EscApiSmEr’s room

日々の雑感と勉強の記録

突然思いついたこと

忘れないようにとりあえず書きなぐる。

 

1. 法律問題は、何らかの行為・措置・制度によって何らかの利益が侵害され、または侵害されるおそれがあって生じる。つまり、考慮すべき何らかの利益が存在する。

 他方、それらの行為等も何らかの必要があって行われる。つまり、行為等を行うことによって実現すべき利益が存在する。何らの利益が存在しない行為等であれば、そもそも法律問題として俎上に乗せられることはないだろう。

 つまり、結局はそのような対立する利益をどのように衡量するか、ということが問題となるのが法律問題なのである。

 

2. 裁判所は、立法された法律等・法律等に基づいてなされた措置等の適法性・請求の認否を判断するのだから、法律問題は常に特定の条文との関係で生じる。

 そして、その条文は、立法者がその制度・概念の構築によって侵害される利益と得られる利益を想定して、何らかの趣旨・目的の下立法されている。

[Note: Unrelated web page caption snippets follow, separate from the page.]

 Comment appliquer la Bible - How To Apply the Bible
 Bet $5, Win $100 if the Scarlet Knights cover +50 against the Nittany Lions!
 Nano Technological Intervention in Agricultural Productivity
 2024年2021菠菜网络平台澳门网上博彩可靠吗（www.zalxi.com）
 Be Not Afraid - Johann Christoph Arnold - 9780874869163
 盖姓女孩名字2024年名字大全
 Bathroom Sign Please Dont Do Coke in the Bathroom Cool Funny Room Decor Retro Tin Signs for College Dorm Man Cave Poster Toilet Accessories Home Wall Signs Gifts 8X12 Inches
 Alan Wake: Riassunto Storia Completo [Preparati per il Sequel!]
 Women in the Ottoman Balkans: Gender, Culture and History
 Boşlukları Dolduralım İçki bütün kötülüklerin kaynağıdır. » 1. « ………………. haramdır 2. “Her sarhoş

 そうだとすれば、司法試験においては、どの科目においても、そのような対立利益を条文の趣旨を通して探り、衡量することが求められているということになる。

 

3. ではどうやって衡量するか。

 ①「XであればOK、XでないならNG」という衡量済みの規範を立てるか、②「必要かつ相当」という個別的な衡量を行うかである。

 確立された判例や学説が存在するなら①による必要がある。そうでない未知の問題については②を立てればよい。

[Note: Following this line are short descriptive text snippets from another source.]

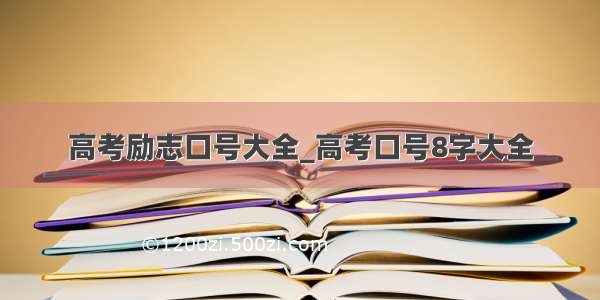 高考励志口号大全_高考口号8字大全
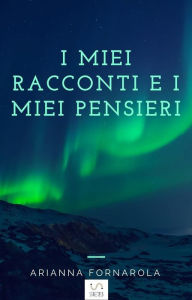 Title: I miei racconti e i miei pensieri, Author: Arianna Fornarola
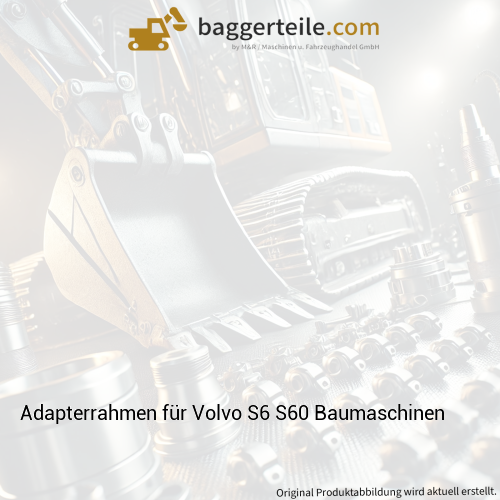 Adapterrahmen für Volvo S6 S60 Baumaschinen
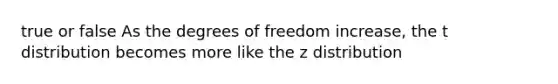 true or false As the degrees of freedom increase, the t distribution becomes more like the z distribution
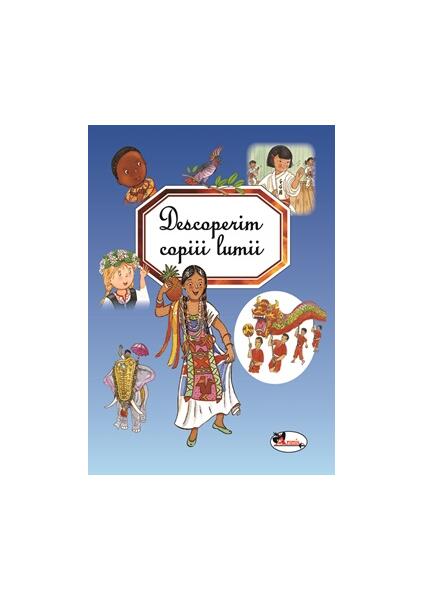 Descoperim copiii lumii - Émilie Beaumont, Marie-Renée Guilloret - Aramis
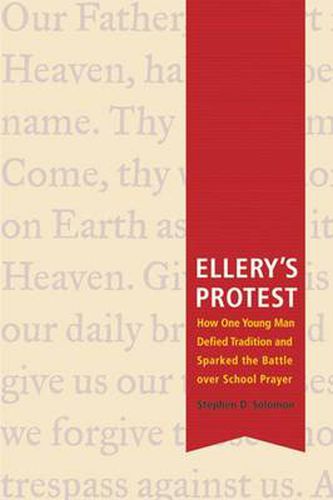 Cover image for Ellery's Protest: How One Young Man Defied Tradition and Sparked the Battle Over School Prayer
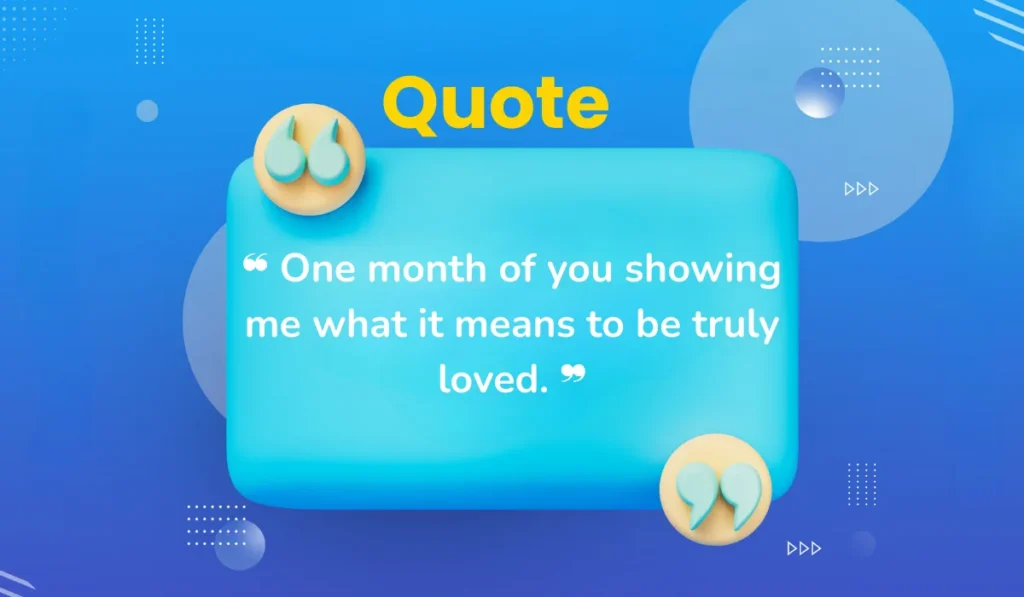 heartfelt-four-week-anniversary-wishes-for-him-or-her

 しかし、①も②も究極的には利益衡量なのだから、①についても、忘れてしまった場合には最悪②を立てれば間違いではないだろう。

 

4. 科目毎の違い

 民事系、特に民事実体法は、条文においてすでに利益衡量がなされた上で立法されている場合が多い。だから条文が特に重要であるし、その趣旨を理解することも何より重要である。もっとも、私的自治が妥当する領域では、既存の条文等により利益衡量が確定された点を除けば契約当事者による利益衡量が許されるから、契約内容の解釈が重要となる。

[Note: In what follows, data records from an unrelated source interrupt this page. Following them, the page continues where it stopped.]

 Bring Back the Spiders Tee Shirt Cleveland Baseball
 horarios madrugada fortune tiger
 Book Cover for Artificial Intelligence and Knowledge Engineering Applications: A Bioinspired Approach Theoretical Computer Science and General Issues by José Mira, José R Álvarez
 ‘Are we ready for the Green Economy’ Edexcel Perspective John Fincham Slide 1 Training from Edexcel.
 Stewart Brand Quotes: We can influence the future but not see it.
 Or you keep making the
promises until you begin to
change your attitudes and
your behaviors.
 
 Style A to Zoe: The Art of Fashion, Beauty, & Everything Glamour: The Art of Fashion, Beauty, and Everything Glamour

 公法系は、憲法については条文において綿密な衡量がなされておらず、個別事情に応じた衡量に委ねられている。だから、例えば「表現の自由に対する規制」といっても、その具体的な内容を根拠法令や事実関係を基に確定する必要がある。行政法は、既知の法令は出題されない。だから、現場で法令を分析しその趣旨を探る必要がある。そしてそれが求められている。

 刑事系は、刑法においては確立された解釈がある。上記①を覚え、適用するだけの科目である。刑事訴訟法は、分野によるが捜査法は②による個別事情に応じた検討が求められている。

 

5. 検討の前提となる条文、定義、要件、効果、そして制度の趣旨といった基本的なことが結局大切なのではないか、ということになる。

 

 こういうことを考えてみると、いずれの科目においても利益衡量が重要で、その方法が科目によって違うだけという気がしてくる。

この点を意識しながら準備し、問題とも向き合いたい。